Labelbox documentation

Text (NER) editor

Natural Language Processing (NLP) is an area of research and application that explores how to use computers to “understand” and manipulate natural language, such as text or speech. Most NLP techniques rely on machine learning to derive meaning from human languages. One of NLP’s methodologies for processing natural language is text classification, a method that leverages deep learning to categorize sequences of unstructured text.

Named Entity Recognition (NER) is a subtask of information extraction whereby entities in the unstructured text are classified into pre-determined categories.

You can use the Labelbox Editor to create NER training data for your ML model by labeling sequences of characters in your text file with the Entity annotation.

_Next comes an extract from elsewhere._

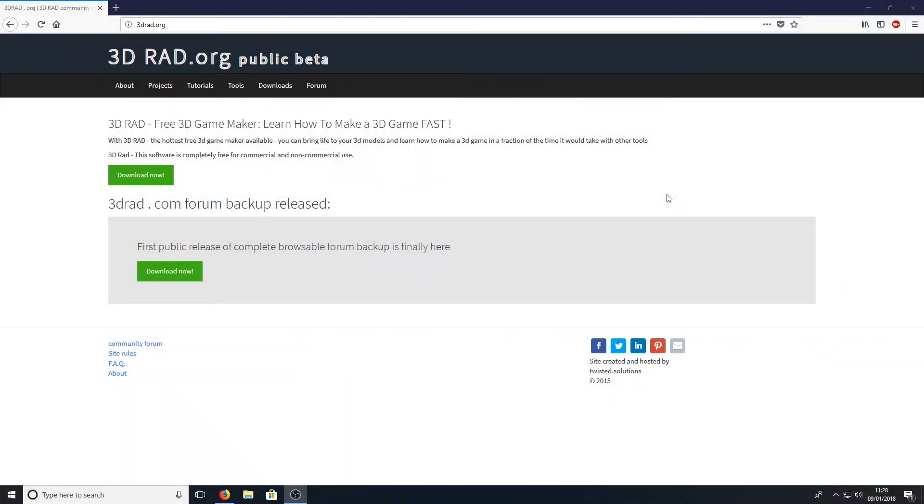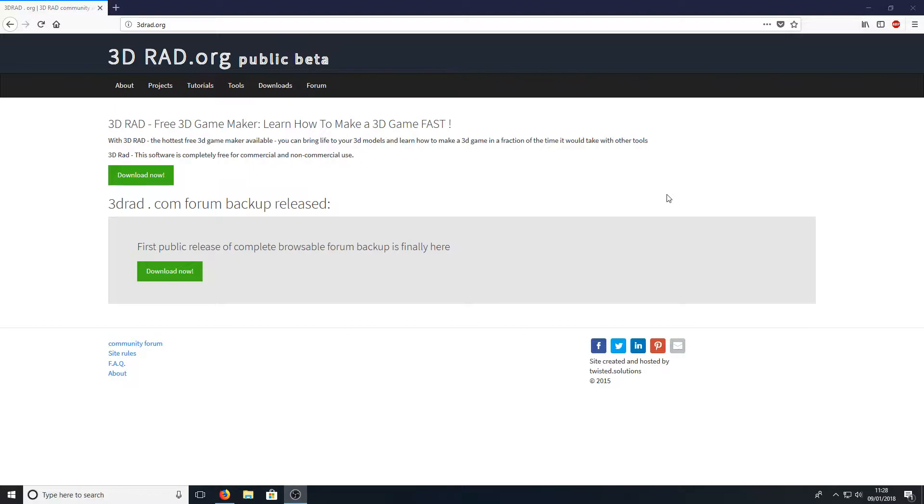Hello and welcome back to another Computer Sluggish tutorial. I have been asked, is there any free game making program that allows you to make racing games, shooting games, flying games, anything you can think of? And the answer to that question is yes, there is.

Below are all of the annotation types you may include in your ontology when you are labeling text data. Classification-type annotations can be applied at the global level and/or nested within an Object-type annotation.

Annotation type

Import format

Export format

Entity (NER)

See JSON

See JSON

Radio classification (global + nested)

-

See JSON

Checklist classification (global + nested)

-

See JSON

Dropdown classification (global + nested)

-

See JSON

Free-form text classification (global + nested)

-

See JSON

How the Entity annotation works

When you load a text file into the Editor, you can use the Entity annotation to label sequences of characters in the unstructured text. The characters in your text file are not restricted to a single Entity annotation, meaning Entity annotations can overlap.

entity-tool.png

When you export your NER annotations from Labelbox, each annotation in the export contains location.start and a location.end information to indicate which characters in the unstructured text are included in each Entity annotation. See the Data model reference for an example.

  • The value for location.start indicates the index of the first character in the Entity annotation and it assumes start-index inclusion.

  • The value for location.end indicates the index of the last character in the Entity annotation and assumes end-index exclusion.

You can also nest classification-type annotations within an Entity annotation. Nested classifications for text is supported for all classification types (see section above).